Stable thermophoretic trapping of generic particles at low pressures

TL;DR

This paper demonstrates stable three-dimensional trapping of various particles in a vacuum using thermophoretic forces generated by a strong temperature gradient, enabling new studies of thermophoretic phenomena and many-body dynamics.

Contribution

It introduces a method for stable thermophoretic trapping of particles at low pressures, combining experimental measurements with theoretical modeling.

Findings

Successful levitation of particles between 10 microns and 1 mm at 1-10 Torr

Quantitative agreement between experimental data and theoretical models

Potential for studying thermophoretic effects and many-body systems in microgravity

Abstract

We demonstrate levitation and three-dimensionally stable trapping of a wide variety of particles in a vacuum chamber through the use of the thermophoretic force in the presence of a strong temperature gradient. Typical sizes of the trapped particles are between 10 microns and 1 mm at a pressure between 1 and 10 Torr.
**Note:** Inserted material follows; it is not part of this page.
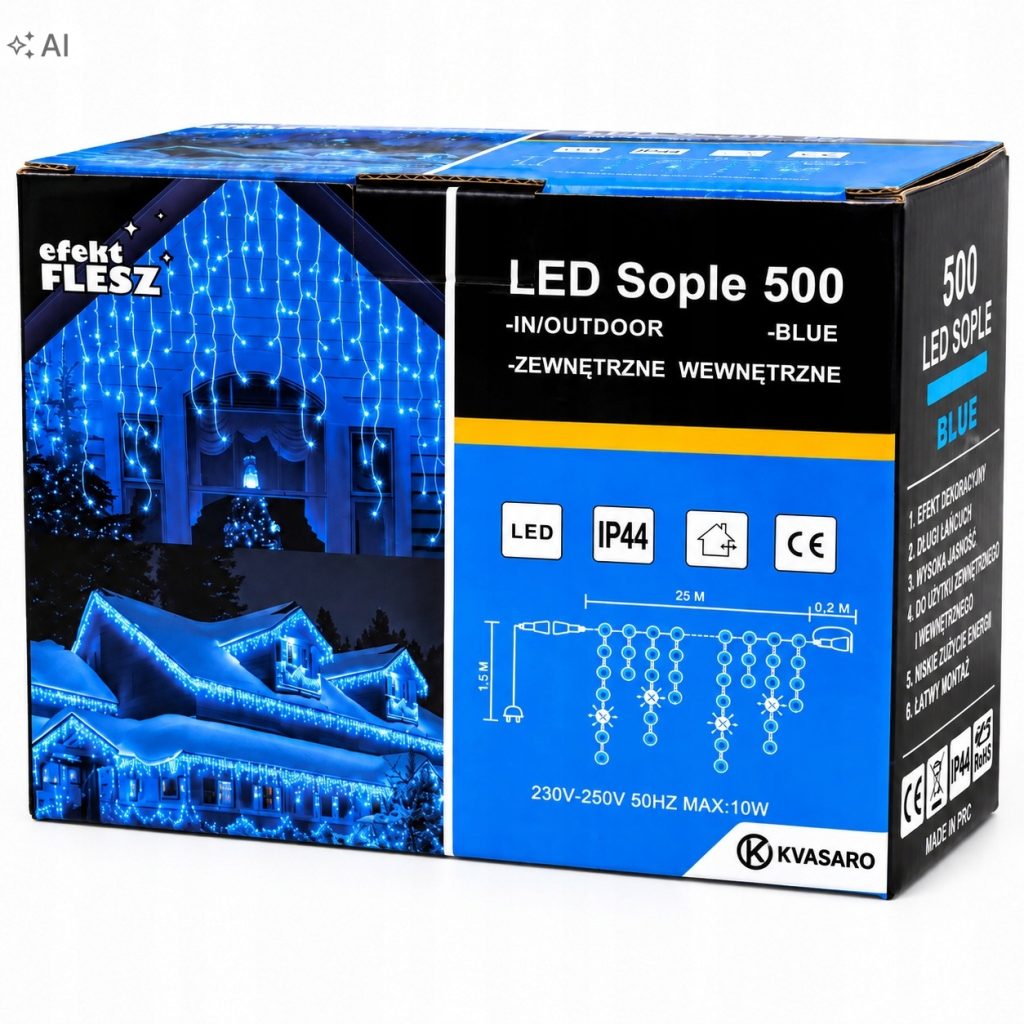 SOPLE 500LED KURTYNA LAMPKI ZEWNĘTRZNE IP44 NIEBIESKI + ZIMNY FLASH 25M — zielony kabel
The trapping stability is provided by the geometry of the temperature field, as well as the transition between the free molecule and hydrodynamic regimes of the thermophoretic force. To quantitatively measure the thermophoretic force, we examine the levitation heights of spherical polyethylene spheres under various experimental conditions and determine the temperature gradient needed to levitate the particles. A good agreement between our experimental observations and theoretical calculations is obtained. Our system offers a new platform to study thermophoretic phenomena and to simulate dynamics of interacting many-body systems in a microgravity environment.